Translation technology’s big data revolution

You probably know that language data includes speech, text, lexicons and grammars. To have any chance of meaningful depth in a short article, let us focus on textual translation data stored in translation memory (TM). 

As I write, we are wrapping up a major report about the translation technology landscape. The report is a comprehensive analysis of the segment’s past, present and expectations for the future — a first of a kind, involving only technology suppliers. In June 2012, 20 of them gathered in Paris to discuss common goals in terms of visibility, collaboration and interoperability, and from this the report was born. Everyone in the meeting could agree that there were some grounds for cooperation, and the report is an open resource to help promote visibility. However, the case for widescale sharing of translation data was not an agenda item. It should have been. In our assessment, it is difficult to overstate the importance of language and translation data for the global translation technology and services industry.  

Translation technology can certainly be better exploited to capitalize on massive demand to translate content across all industries throughout the many touch points in the consumer decision journey. They may be particularly important in the burgeoning consumer classes in emerging markets such as Brazil, Russia, India and China or the CIVETS markets of Colombia, Indonesia, Vietnam, Egypt, Turkey and South Africa.  

But translation technology providers will need to maintain openness in order to continue the change they have exhibited in the last few years if they and we are to enjoy rich rewards. After a generation of stagnation, where there were only rare examples of firms improving on tired old TM technology, often built with Windows-based editors, we suddenly find ourselves primed for a generation of dynamism.  

Recent changes involve must-have migrations to cloud offerings, with growing use of web services application programming interfaces, tools that enable collaborative translation, integration of machine translation (MT) and TM, and MT with website localization, among others.  

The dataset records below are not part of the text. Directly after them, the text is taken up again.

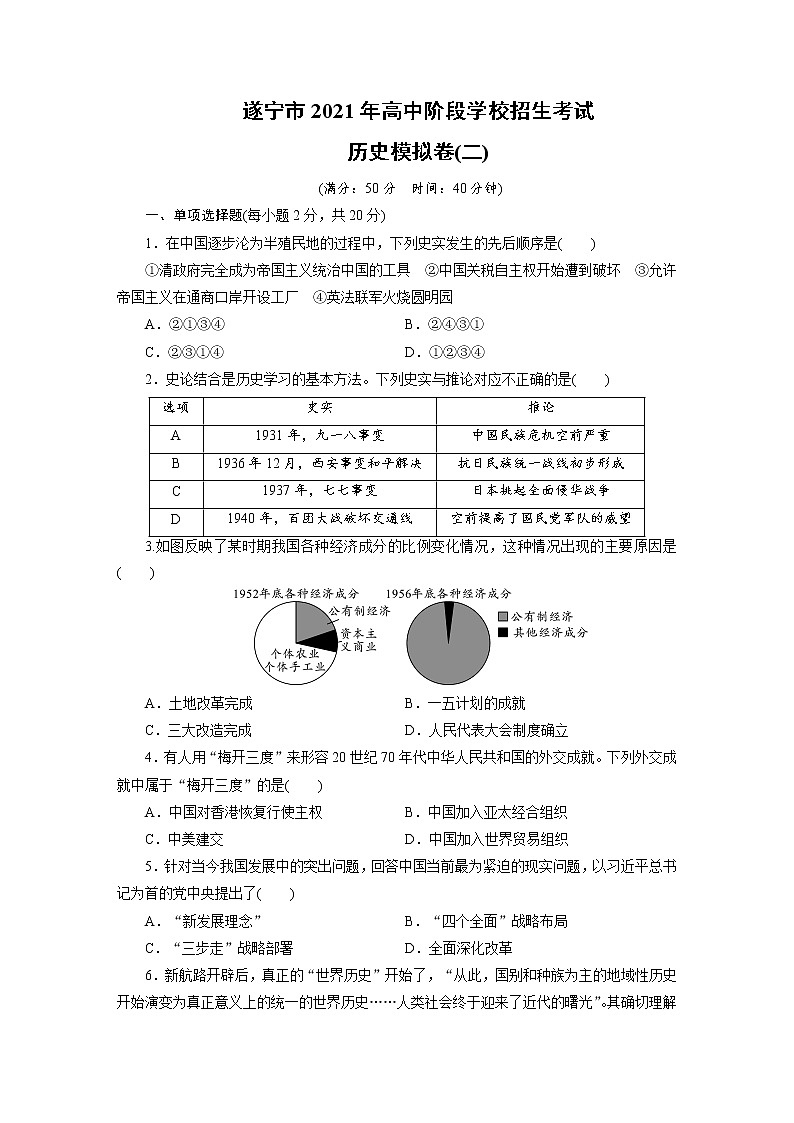 四川省遂宁市2021年高中阶段学校招生考试历史模拟卷（二）（word版 含答案）01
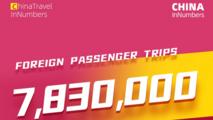 ChinaInNumbers | China's railways see 7.83 million foreign passenger trips in first four months of 2026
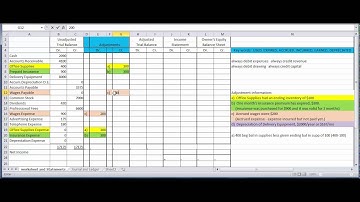 Ch. 4 completing a 10-column worksheet for a non-corporation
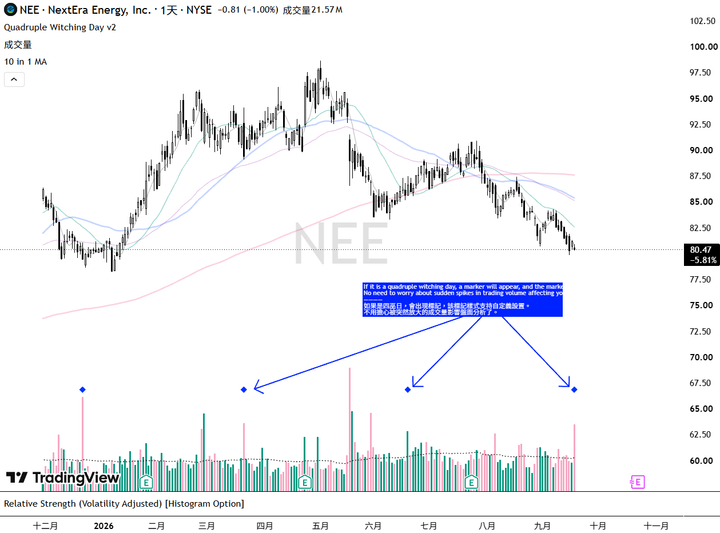 免費工具：Tradingview 四巫日工具 - 不再被四巫日擾亂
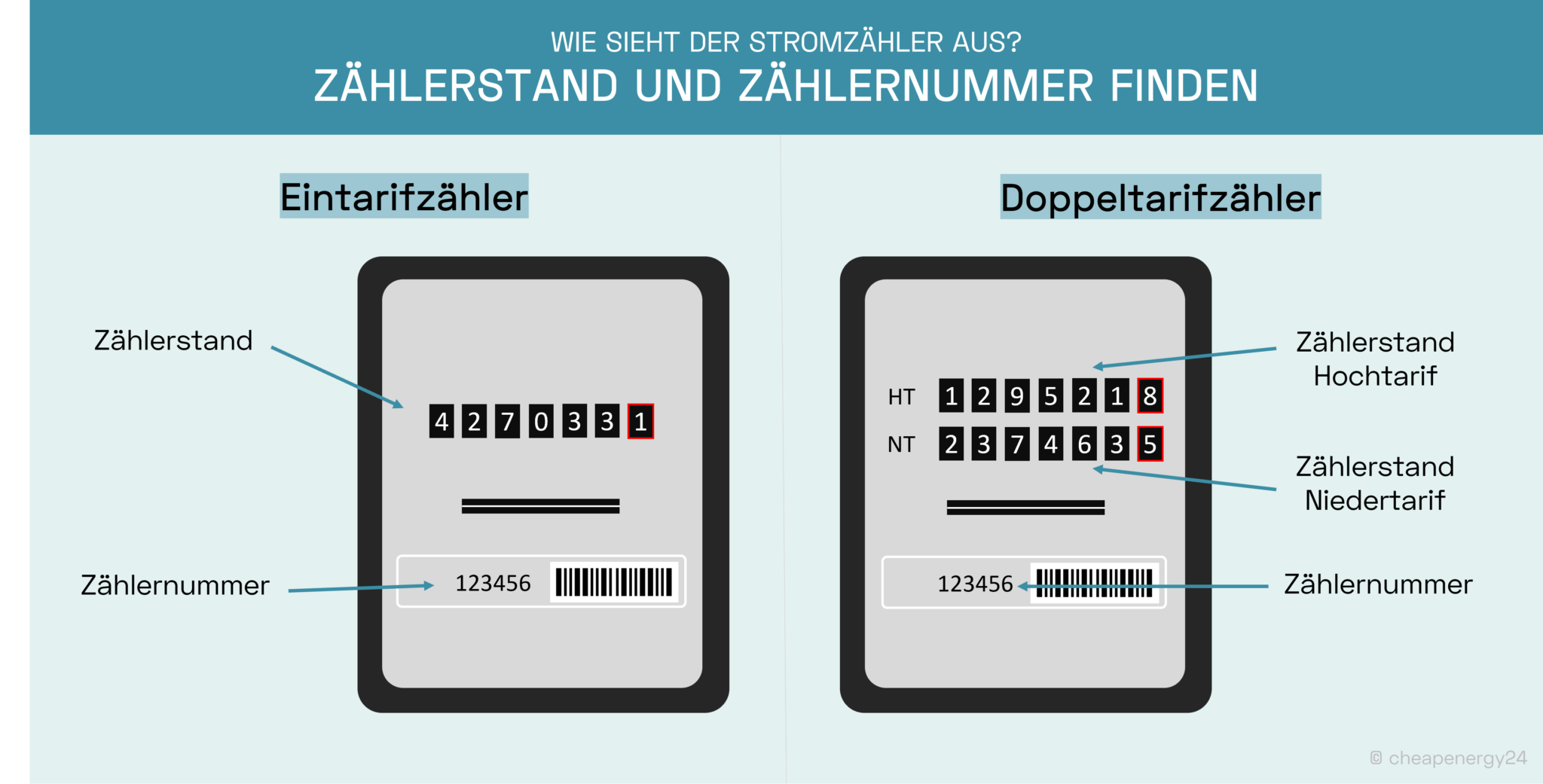 Stromzähler mit Zählernummer und Zählerstand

It must be said that much of the initial gusto for these changes came from invaders, like the big guys Google and Microsoft, but also firms such as Lingotek, XTM International and They’ve been joined by other newcomers like Baobab, MemSource, Gengo, Smartling, Straker and a whole host of others. Established players, such as SDL and MemoQ, have reacted well with migrations to cloud and integration with MT. One or two others are beginning to look promising. 

The MT space has been the most dynamic of all, with Microsoft commercializing and an explosion of open source Moses-based providers and users. Long-established players such as SYSTRAN and PROMT have made great strides to hybridize their technologies and distinguish themselves with rounded and rapidly evolving offerings.


Data is core 

TM software was developed as a productivity tool for the translator. It was designed originally to manage the translation of a single document or project. Globalization and translation management systems were added later as a workflow to scale up and make TM tools fit for enterprise use.  

Traditionally, TM tools use the sentence as the basis for full and fuzzy matches. As long as your translation practice concentrates on the revisions and updates of documents and products, the leveraging score of TM tools can be very high.

However, much of the market has changed. Increasing need for rapid-turnaround translation of smaller bits of content has brought developers back to the design table. Their focus is not only on the productivity of the translator, but also the agility of the enterprise.

They must rely on advanced statistical approaches, as already applied in statistical and hybrid MT systems, and they must bring sophisticated linguistic intelligence into the mix as well. They are not looking to leverage TM from a single document or project, but to use as much domain-specific text and data as possible. Their advanced, subsegment leveraging capability can further increase translation productivity. Harnessing big data sets is a core requirement.  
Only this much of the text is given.